Records for this exercise:
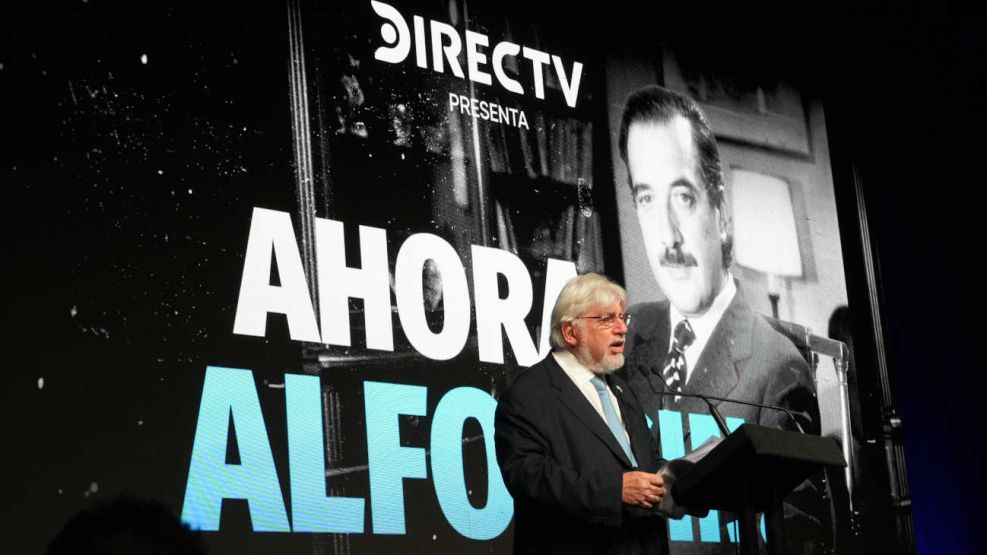 DirecTV estrena el documental, Ahora Alfonsín: 40 años de democracia 20231011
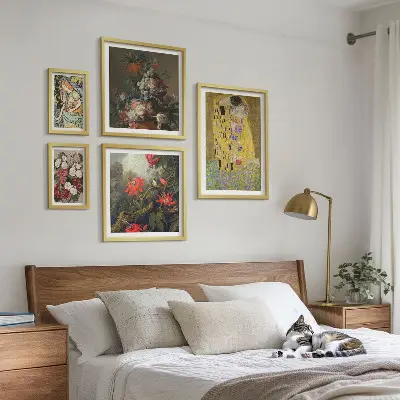 Bildergalerie-Set für die Wand mit Blumenkunstkompositionen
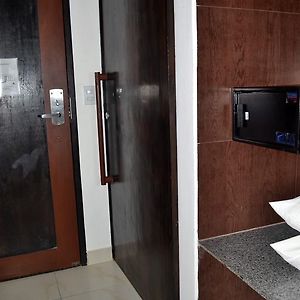 Familie Kamer met een King Size Bed met de Toegang voor Gehandicapten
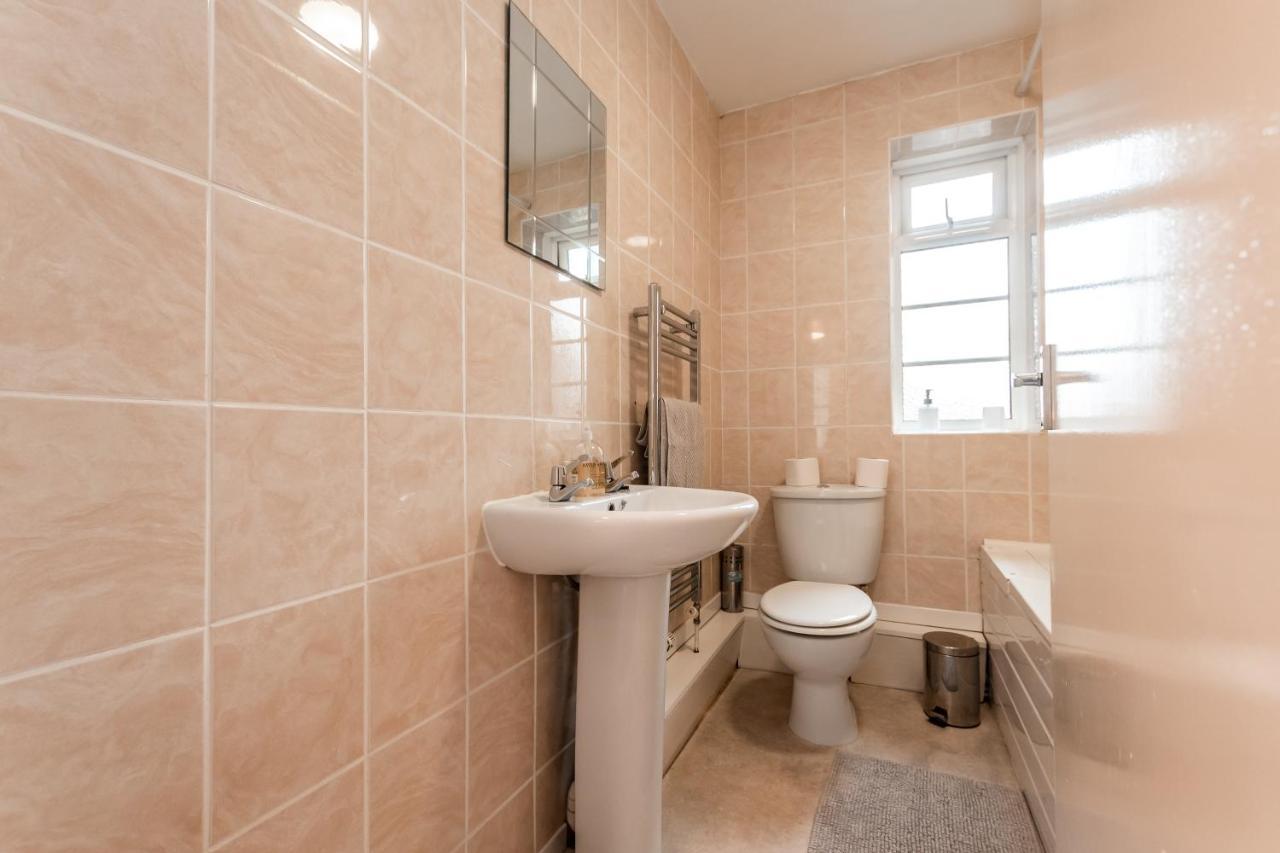 Best Price! Perfect Gunwharf Accommodation - 5 Single Beds Or Kingsize Free Parking Portsmouth Exteriör bild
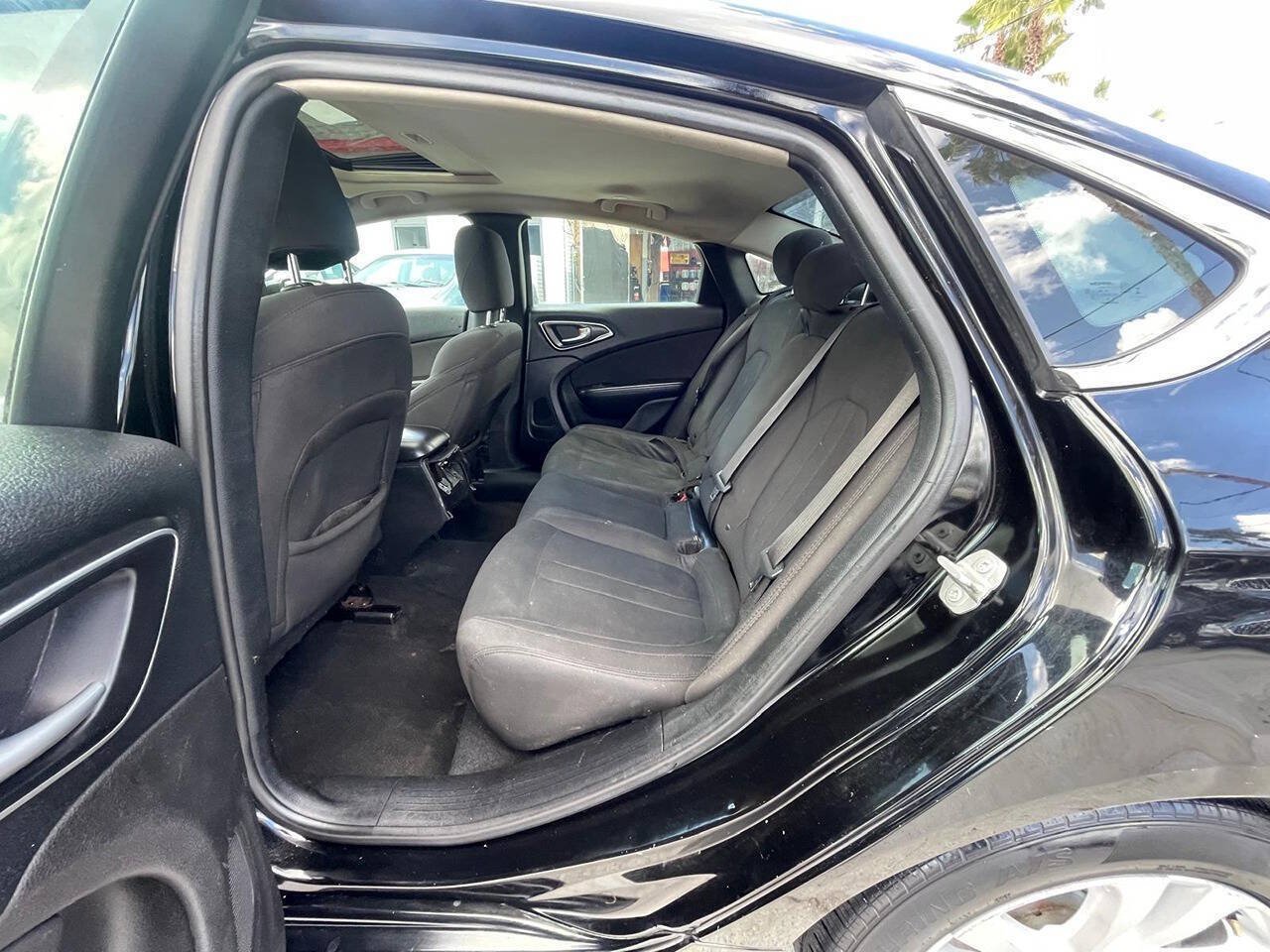 Used 2016 Chrysler 200 Limited w/ Anniversary Edition FWD image 4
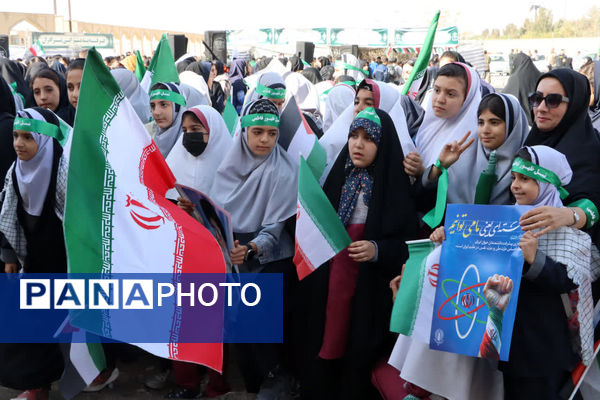 راهپیمایی روز دانش‌آموز در محمدشهر کرج 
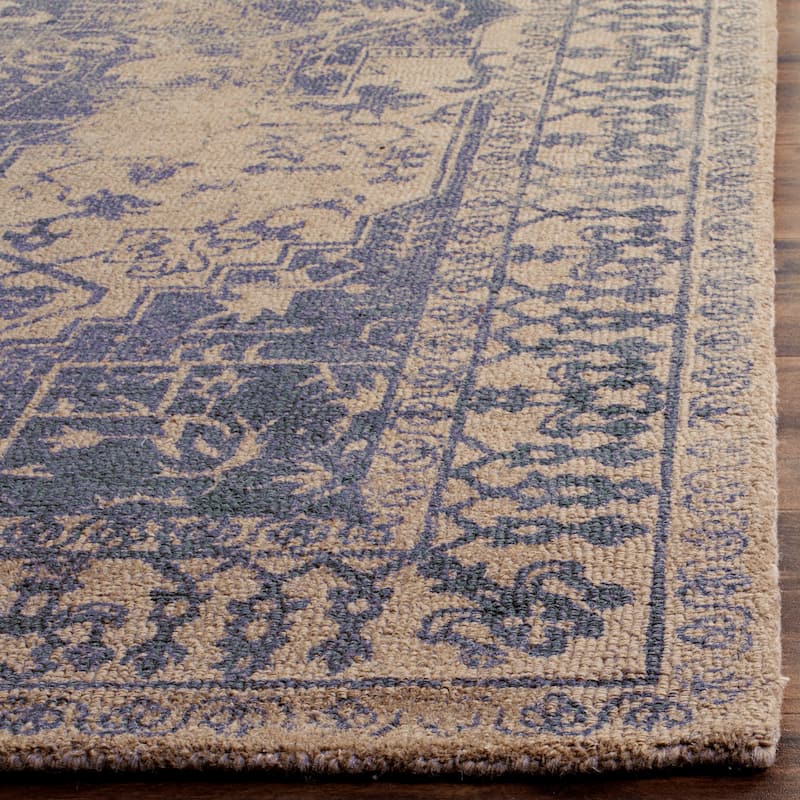 SAFAVIEH Handmade Restoration Vintage Boho Grisha Oriental Wool Rug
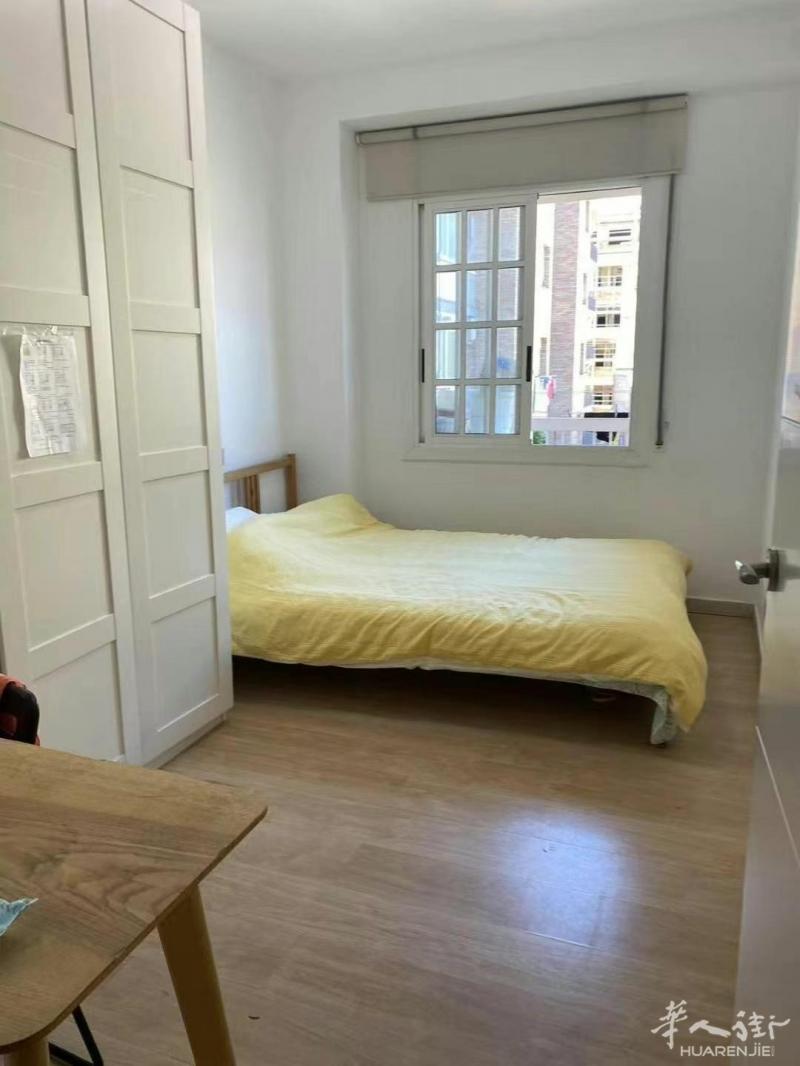 https://att.huarenjie.com/attachment/information/20250703/1751475340136713.jpg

Task to complete: Every line above should be reproduced exactly, please, with no pictures included.

Answer area:
 DirecTV estrena el documental, Ahora Alfonsín: 40 años de democracia 20231011
 Bildergalerie-Set für die Wand mit Blumenkunstkompositionen
 Familie Kamer met een King Size Bed met de Toegang voor Gehandicapten
 Best Price! Perfect Gunwharf Accommodation - 5 Single Beds Or Kingsize Free Parking Portsmouth Exteriör bild
 Used 2016 Chrysler 200 Limited w/ Anniversary Edition FWD image 4
 راهپیمایی روز دانش‌آموز در محمدشهر کرج 
 SAFAVIEH Handmade Restoration Vintage Boho Grisha Oriental Wool Rug
 https://att.huarenjie.com/attachment/information/20250703/1751475340136713.jpg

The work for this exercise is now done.